# WORK TO BE COMPLETED:
Scan the listing below for the word "Black", then copy each line that has it.

# LISTED RECORDS:
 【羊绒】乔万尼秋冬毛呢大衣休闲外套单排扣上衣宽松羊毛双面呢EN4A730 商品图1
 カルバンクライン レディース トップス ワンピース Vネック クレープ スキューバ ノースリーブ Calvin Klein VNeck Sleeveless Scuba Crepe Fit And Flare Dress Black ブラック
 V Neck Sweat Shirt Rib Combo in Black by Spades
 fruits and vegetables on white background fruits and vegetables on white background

--

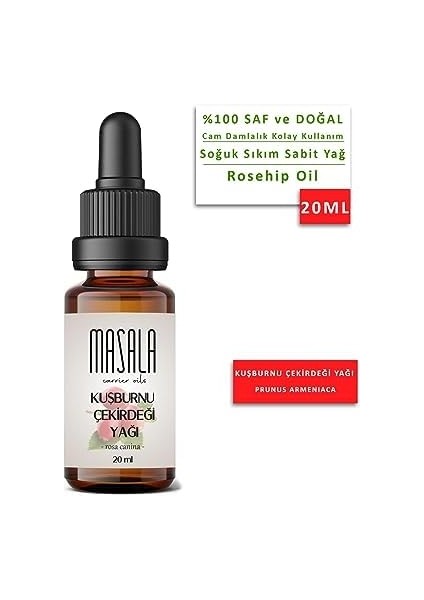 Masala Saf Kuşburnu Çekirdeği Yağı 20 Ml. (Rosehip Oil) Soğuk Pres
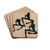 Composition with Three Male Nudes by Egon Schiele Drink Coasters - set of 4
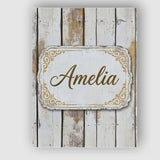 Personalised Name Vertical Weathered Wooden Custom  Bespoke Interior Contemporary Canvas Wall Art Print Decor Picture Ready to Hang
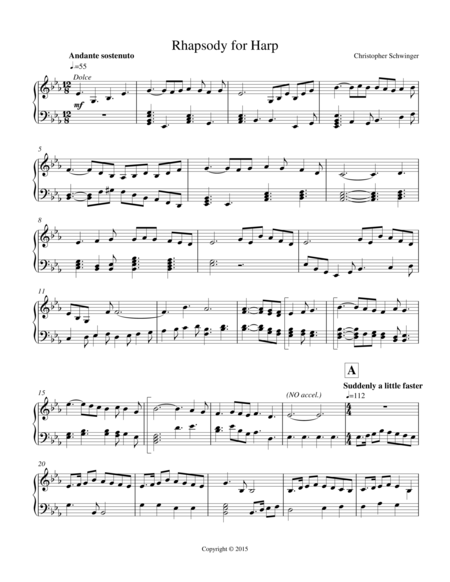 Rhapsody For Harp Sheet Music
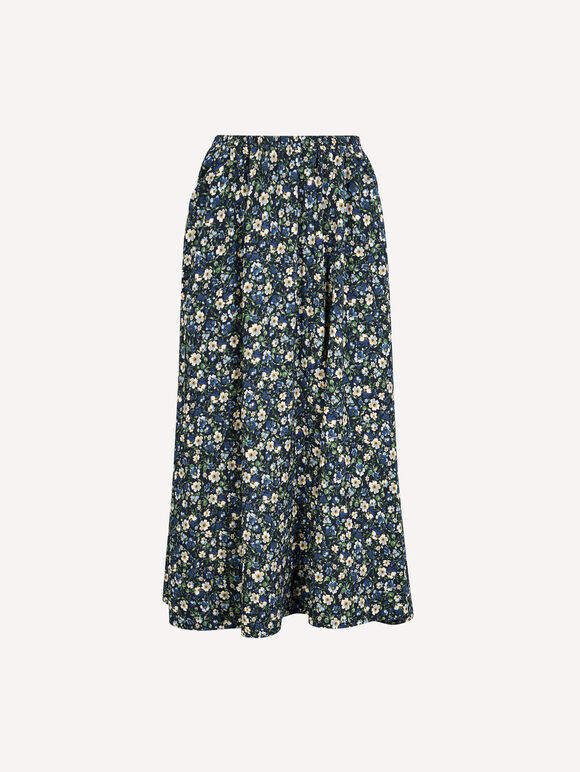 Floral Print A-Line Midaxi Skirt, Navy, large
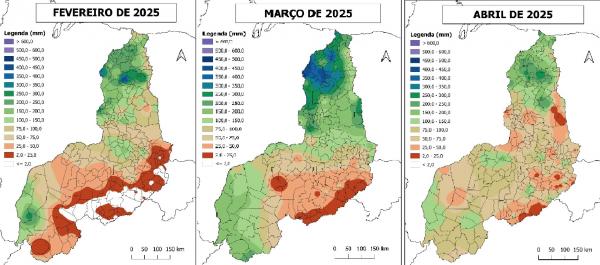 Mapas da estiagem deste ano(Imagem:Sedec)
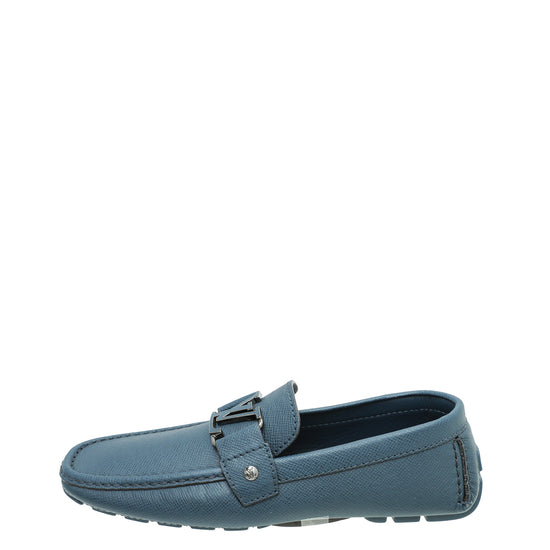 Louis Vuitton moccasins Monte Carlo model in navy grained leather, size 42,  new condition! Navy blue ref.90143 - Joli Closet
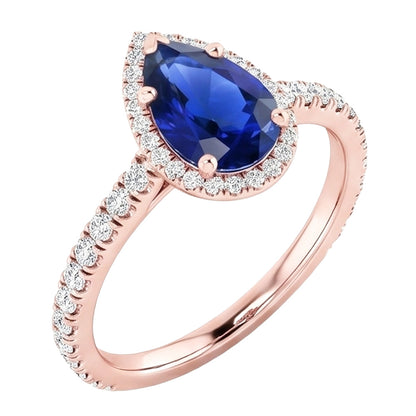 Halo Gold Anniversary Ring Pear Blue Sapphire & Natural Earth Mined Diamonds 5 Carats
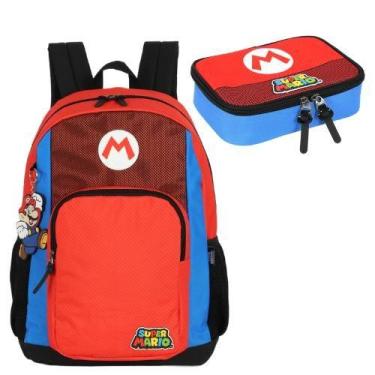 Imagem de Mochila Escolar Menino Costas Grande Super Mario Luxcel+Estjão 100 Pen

---

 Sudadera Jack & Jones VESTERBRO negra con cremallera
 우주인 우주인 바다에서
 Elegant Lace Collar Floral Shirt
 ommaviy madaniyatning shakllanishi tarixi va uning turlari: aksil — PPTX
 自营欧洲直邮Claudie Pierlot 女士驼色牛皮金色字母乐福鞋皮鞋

# TASK OUTPUT:
 カルバンクライン レディース トップス ワンピース Vネック クレープ スキューバ ノースリーブ Calvin Klein VNeck Sleeveless Scuba Crepe Fit And Flare Dress Black ブラック
 V Neck Sweat Shirt Rib Combo in Black by Spades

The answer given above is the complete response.